▶ _TASK PROMPT_: Could you transcribe all of the data exactly and skip any pictures?

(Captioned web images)

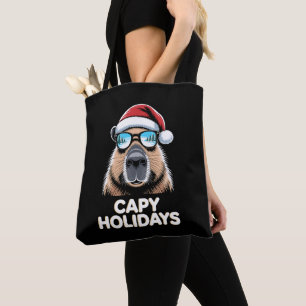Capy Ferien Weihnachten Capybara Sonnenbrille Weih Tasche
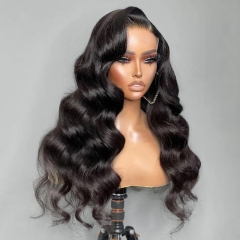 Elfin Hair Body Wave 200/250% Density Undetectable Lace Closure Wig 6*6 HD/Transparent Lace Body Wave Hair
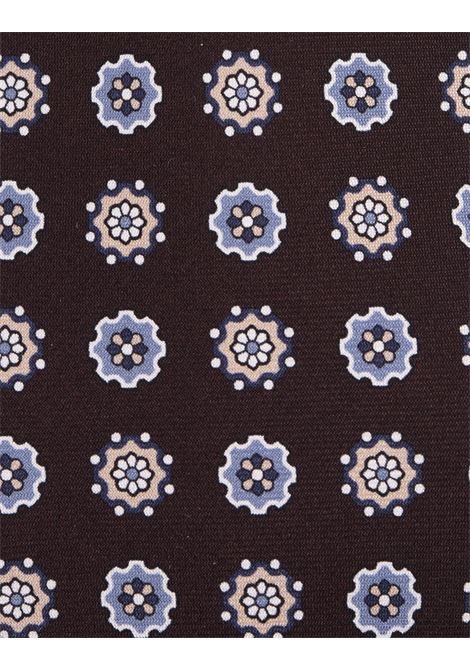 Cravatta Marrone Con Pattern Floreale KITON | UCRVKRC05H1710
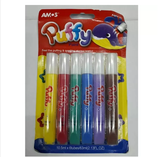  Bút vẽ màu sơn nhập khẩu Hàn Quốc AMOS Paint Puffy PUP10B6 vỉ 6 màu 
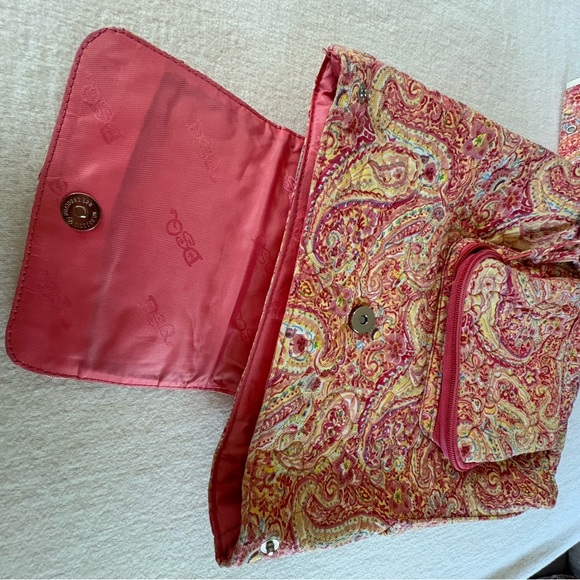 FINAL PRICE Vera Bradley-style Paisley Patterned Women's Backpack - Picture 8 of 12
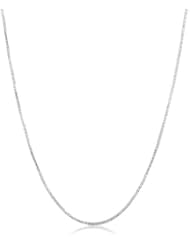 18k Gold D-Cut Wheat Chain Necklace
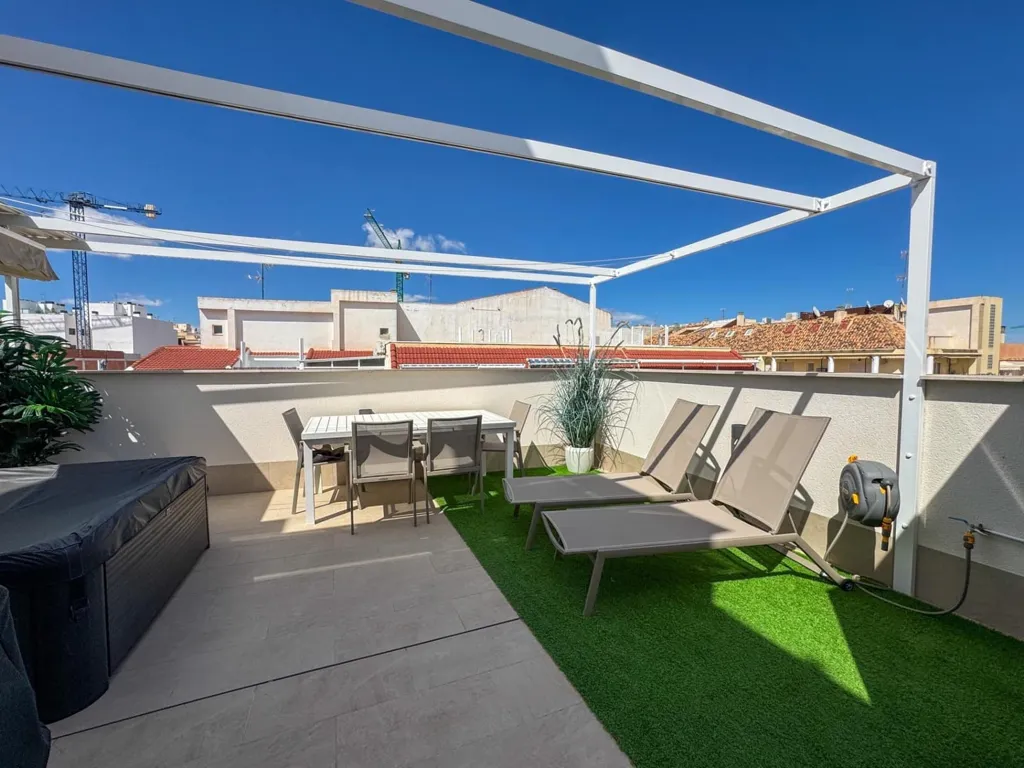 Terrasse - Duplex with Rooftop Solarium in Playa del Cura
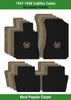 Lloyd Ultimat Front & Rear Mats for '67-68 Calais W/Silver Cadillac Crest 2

▶ _SOLUTION BELOW_:
Capy Ferien Weihnachten Capybara Sonnenbrille Weih Tasche
 Elfin Hair Body Wave 200/250% Density Undetectable Lace Closure Wig 6*6 HD/Transparent Lace Body Wave Hair
 Cravatta Marrone Con Pattern Floreale KITON | UCRVKRC05H1710
  Bút vẽ màu sơn nhập khẩu Hàn Quốc AMOS Paint Puffy PUP10B6 vỉ 6 màu 
 FINAL PRICE Vera Bradley-style Paisley Patterned Women's Backpack - Picture 8 of 12
 18k Gold D-Cut Wheat Chain Necklace
 Terrasse - Duplex with Rooftop Solarium in Playa del Cura
 Lloyd Ultimat Front & Rear Mats for '67-68 Calais W/Silver Cadillac Crest 2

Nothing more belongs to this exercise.